Addirittura, il dizionario Treccani amplia parecchio la definizione: ‘Il concetto di cambiamento climatico implica fattori politici, giuridici, etici, economici e scientifici, andando ben oltre il significato associato alle variazioni naturali del clima, che si sono succedute sulla superficie terrestre nel corso del tempo geologico’.

Il rischio che si verifichino cambiamenti climatici è associato all’aumento della concentrazione in atmosfera di gas e aerosol, prodotti dalle attività umane e in grado di operare come agenti di cambiamento climatico (cd drivers).

Tra questi, i più significativi sono i cosiddetti LLGHG (Long Lived GreenHouse Gas), ossia diossido di carbonio (CO2), metano (CH4), monossido di diazoto (N2O), idroclorofluorocarburo (HCFC), idrofluorocarburo (HCF), perfluorocarburo (PCF), esafluoruro di zolfo (SF6).

Ma quali sono i rischi concreti che si presentano?
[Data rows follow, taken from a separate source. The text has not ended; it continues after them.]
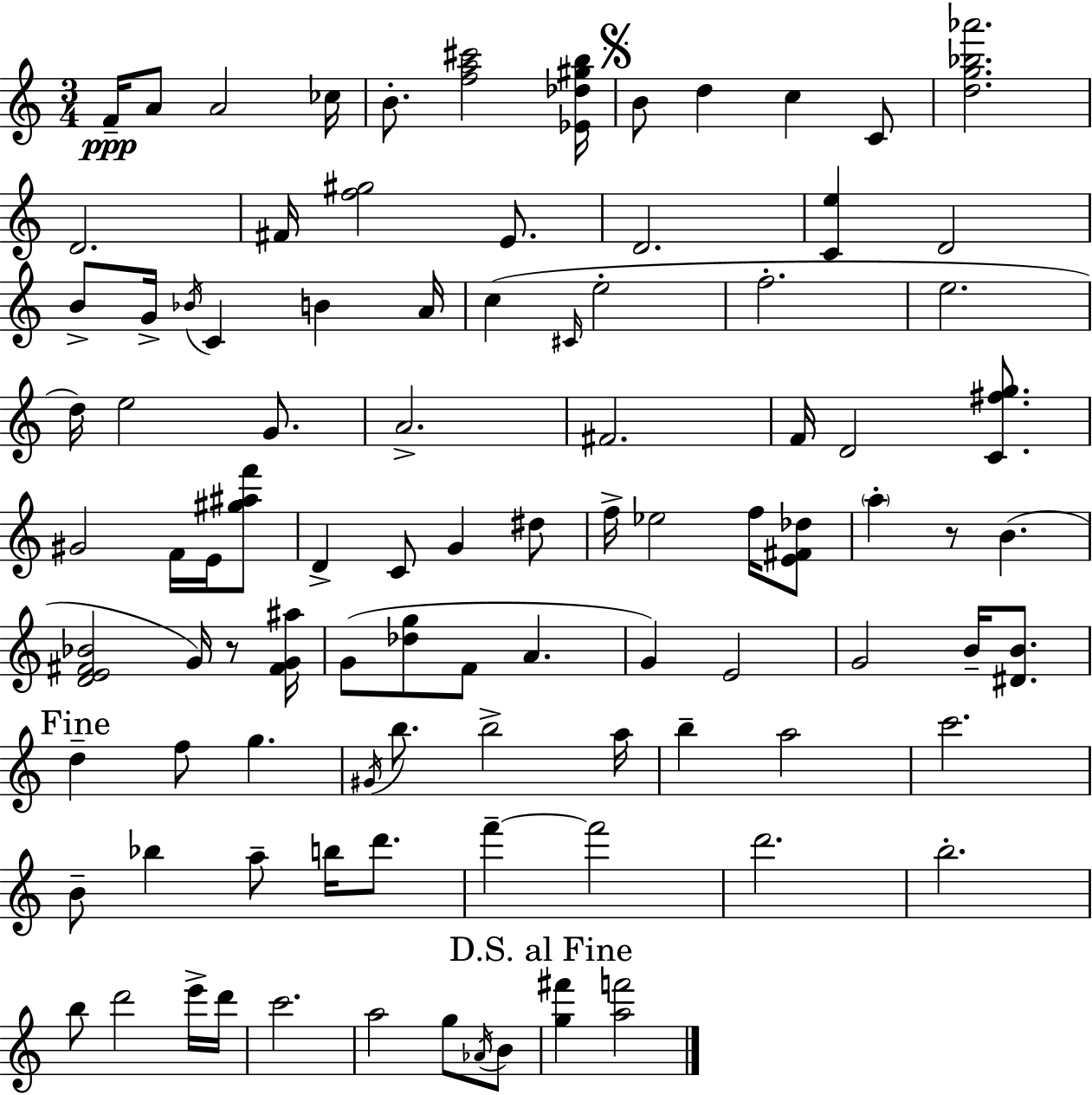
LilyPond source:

{
  \clef treble
  \numericTimeSignature
  \time 3/4
  \key c \major
  \repeat volta 2 { f'16--\ppp a'8 a'2 ces''16 | b'8.-. <f'' a'' cis'''>2 <ees' des'' gis'' b''>16 | \mark \markup { \musicglyph "scripts.segno" } b'8 d''4 c''4 c'8 | <d'' g'' bes'' aes'''>2. | \break d'2. | fis'16 <f'' gis''>2 e'8. | d'2. | <c' e''>4 d'2 | \break b'8-> g'16-> \acciaccatura { bes'16 } c'4 b'4 | a'16 c''4( \grace { cis'16 } e''2-. | f''2.-. | e''2. | \break d''16) e''2 g'8. | a'2.-> | fis'2. | f'16 d'2 <c' fis'' g''>8. | \break gis'2 f'16 e'16 | <gis'' ais'' f'''>8 d'4-> c'8 g'4 | dis''8 f''16-> ees''2 f''16 | <e' fis' des''>8 \parenthesize a''4-. r8 b'4.( | \break <d' e' fis' bes'>2 g'16) r8 | <fis' g' ais''>16 g'8( <des'' g''>8 f'8 a'4. | g'4) e'2 | g'2 b'16-- <dis' b'>8. | \break \mark "Fine" d''4-- f''8 g''4. | \acciaccatura { gis'16 } b''8. b''2-> | a''16 b''4-- a''2 | c'''2. | \break b'8-- bes''4 a''8-- b''16 | d'''8. f'''4--~~ f'''2 | d'''2. | b''2.-. | \break b''8 d'''2 | e'''16-> d'''16 c'''2. | a''2 g''8 | \acciaccatura { aes'16 } b'8 \mark "D.S. al Fine" <g'' fis'''>4 <a'' f'''>2 | \break } \bar "|."
}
Tra i più noti e comuni, la riduzione delle calotte polari e dei ghiacciai, la sommersione di vaste zone costiere, eventi meteorologici estremi (tifoni, uragani, inondazioni, siccità ecc.), scomparsa di numerose specie animali e vegetali ovvero migrazioni di massa.
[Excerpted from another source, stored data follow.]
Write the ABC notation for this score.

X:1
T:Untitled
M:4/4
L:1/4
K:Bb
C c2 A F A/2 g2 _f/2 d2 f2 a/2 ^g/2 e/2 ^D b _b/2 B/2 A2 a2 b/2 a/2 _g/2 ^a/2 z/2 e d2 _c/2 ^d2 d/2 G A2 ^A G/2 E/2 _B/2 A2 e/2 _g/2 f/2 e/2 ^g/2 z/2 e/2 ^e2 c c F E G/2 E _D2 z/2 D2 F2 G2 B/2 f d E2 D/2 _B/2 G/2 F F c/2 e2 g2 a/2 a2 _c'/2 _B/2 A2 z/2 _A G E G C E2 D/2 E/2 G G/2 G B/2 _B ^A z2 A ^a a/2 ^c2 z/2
La lotta ai cambiamenti climatici è divenuta prioritaria e argomento di discussione confronto nelle politiche nazionali e internazionali tanto da vedere un coordinamento globale per combatterli.
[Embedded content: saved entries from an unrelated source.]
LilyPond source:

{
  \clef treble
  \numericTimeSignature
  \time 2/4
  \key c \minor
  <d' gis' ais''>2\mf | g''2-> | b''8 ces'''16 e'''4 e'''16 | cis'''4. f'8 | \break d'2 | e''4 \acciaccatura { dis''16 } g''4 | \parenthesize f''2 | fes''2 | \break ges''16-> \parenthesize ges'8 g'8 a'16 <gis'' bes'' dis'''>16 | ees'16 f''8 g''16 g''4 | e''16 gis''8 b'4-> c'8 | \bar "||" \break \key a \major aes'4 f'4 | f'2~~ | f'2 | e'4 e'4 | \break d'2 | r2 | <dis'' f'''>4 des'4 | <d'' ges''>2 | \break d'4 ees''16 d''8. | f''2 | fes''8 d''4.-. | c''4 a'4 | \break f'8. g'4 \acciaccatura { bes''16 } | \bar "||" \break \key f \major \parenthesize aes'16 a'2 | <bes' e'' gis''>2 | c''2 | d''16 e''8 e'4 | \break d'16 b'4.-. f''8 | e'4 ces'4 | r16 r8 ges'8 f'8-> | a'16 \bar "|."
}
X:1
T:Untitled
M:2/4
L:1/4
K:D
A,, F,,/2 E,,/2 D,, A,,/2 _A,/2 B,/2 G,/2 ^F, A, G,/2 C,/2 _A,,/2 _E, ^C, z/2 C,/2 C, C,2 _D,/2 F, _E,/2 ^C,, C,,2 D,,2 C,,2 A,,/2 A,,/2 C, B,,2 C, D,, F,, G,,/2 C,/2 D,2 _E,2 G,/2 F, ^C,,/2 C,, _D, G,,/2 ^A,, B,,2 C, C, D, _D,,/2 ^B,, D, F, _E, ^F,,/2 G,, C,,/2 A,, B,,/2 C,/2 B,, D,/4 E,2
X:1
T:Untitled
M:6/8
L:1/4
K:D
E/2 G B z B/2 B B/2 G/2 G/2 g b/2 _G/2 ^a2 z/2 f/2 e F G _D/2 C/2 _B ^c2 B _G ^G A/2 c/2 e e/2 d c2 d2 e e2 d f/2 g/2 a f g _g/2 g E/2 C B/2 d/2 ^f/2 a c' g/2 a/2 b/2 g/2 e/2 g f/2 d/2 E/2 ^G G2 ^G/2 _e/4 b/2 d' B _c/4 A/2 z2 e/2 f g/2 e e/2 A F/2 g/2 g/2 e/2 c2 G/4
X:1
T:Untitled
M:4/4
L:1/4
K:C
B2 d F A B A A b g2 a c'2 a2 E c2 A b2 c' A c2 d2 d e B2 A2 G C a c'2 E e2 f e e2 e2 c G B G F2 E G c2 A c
Nel dicembre del 2015 a Parigi 195 Paesi hanno firmato un accordo per impegnarsi a mantenere l’aumento delle temperature medie entro la fine del secolo al di sotto di 1,5 gradi e con un limite massimo di 2 gradi rispetto ai livelli preindustriali.

Per rimanere entro questa soglia, l’International panel on climate change (Ipcc, il gruppo intergovernativo di esperti sul cambiamento climatico fondato nel 1988 dalle Nazioni unite allo scopo di fornire ai decisori politici basi scientifiche sul cambiamento climatico) ha indicato come obiettivo la neutralità carbonica, ovvero le emissioni nette zero, entro il 2050. Dopodiché sarà necessario cominciare ad assorbire la CO2 già presente in atmosfera attraverso pozzi artificiali.

L’accordo di Parigi, in ece, è il primo accordo internazionale sul clima giuridicamente vincolante. Esso prevede che ogni Stato definisca i propri Nationally determined contributions (Ndc), i contributi nazionali per il contenimento delle emissioni. Le radici di questo accordo risalgono al 1992 con l’approvazione a Rio de Janeiro della prima Convenzione quadro sul cambiamento climatico delle Nazioni unite (Unfccc). Da questa convenzione sono derivate le Conferenze delle parti (Cop) annuali. La prossima sarà la Cop26 del 2021, rimandata di un anno a causa della pandemia da Covid-19.

Prima della pandemia, il 2020 era considerato l’anno cruciale nella lotta al cambiamento climatico perché gli Stati ratificatori dell’accordo di Parigi dovevano ridefinire al rialzo i propri contributi. Per rimanere entro la soglia di 1,5 gradi, i Paesi dovrebbero dunque quintuplicare i propri Ndc, con un taglio del 55 percento delle emissioni rispetto al 2018 ed entro il 2030, secondo l'Emission gap report dell’Onu. Uno sforzo enorme se si pensa che le emissioni di CO2 a livello globale sono cresciute del due per cento nel solo 2018.